* _What to produce_
There are pictures in the records below; leave them out and set down exactly the lines from the one holding "Photo of Bathroom" through the one holding "new 2023 Ram 1500 car, priced at $55,200".

* _Input material_
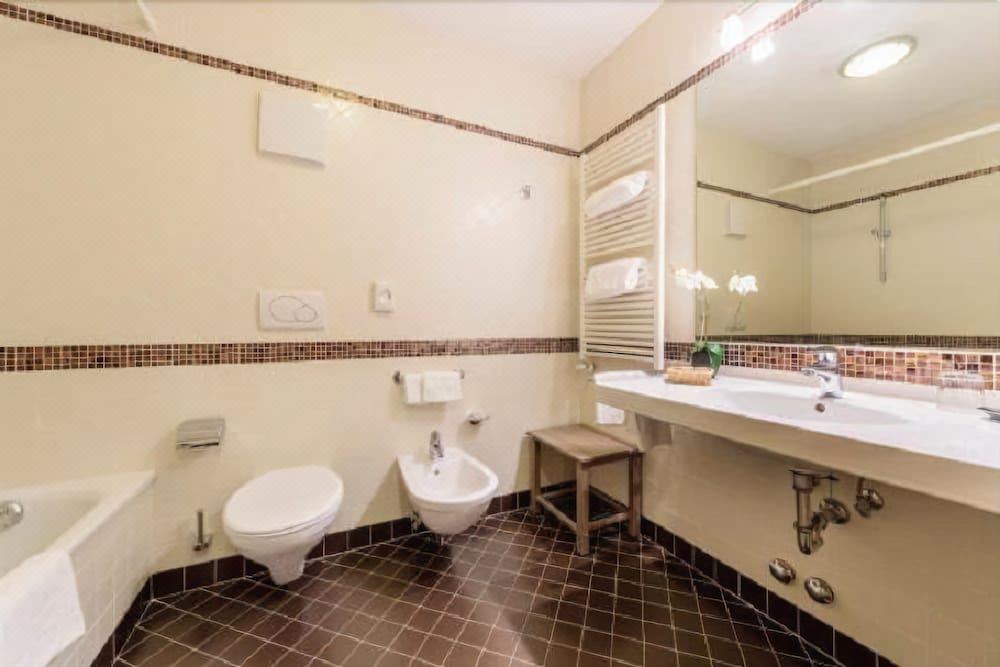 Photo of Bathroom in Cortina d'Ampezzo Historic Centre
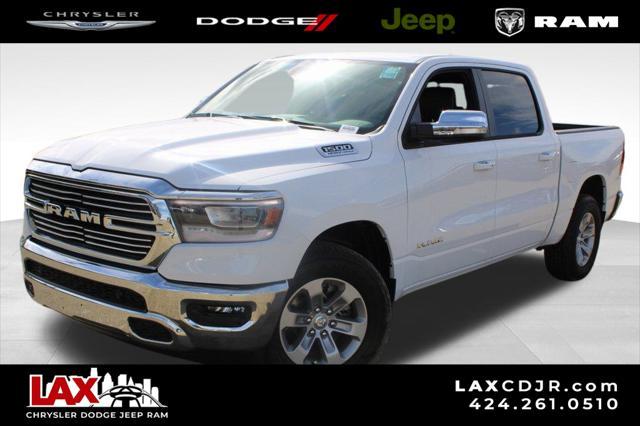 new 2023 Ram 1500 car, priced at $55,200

...

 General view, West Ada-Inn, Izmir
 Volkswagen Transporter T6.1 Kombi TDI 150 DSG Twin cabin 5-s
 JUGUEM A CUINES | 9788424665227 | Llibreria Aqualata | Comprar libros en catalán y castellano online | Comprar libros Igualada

* _Solution_
 Photo of Bathroom in Cortina d'Ampezzo Historic Centre
 new 2023 Ram 1500 car, priced at $55,200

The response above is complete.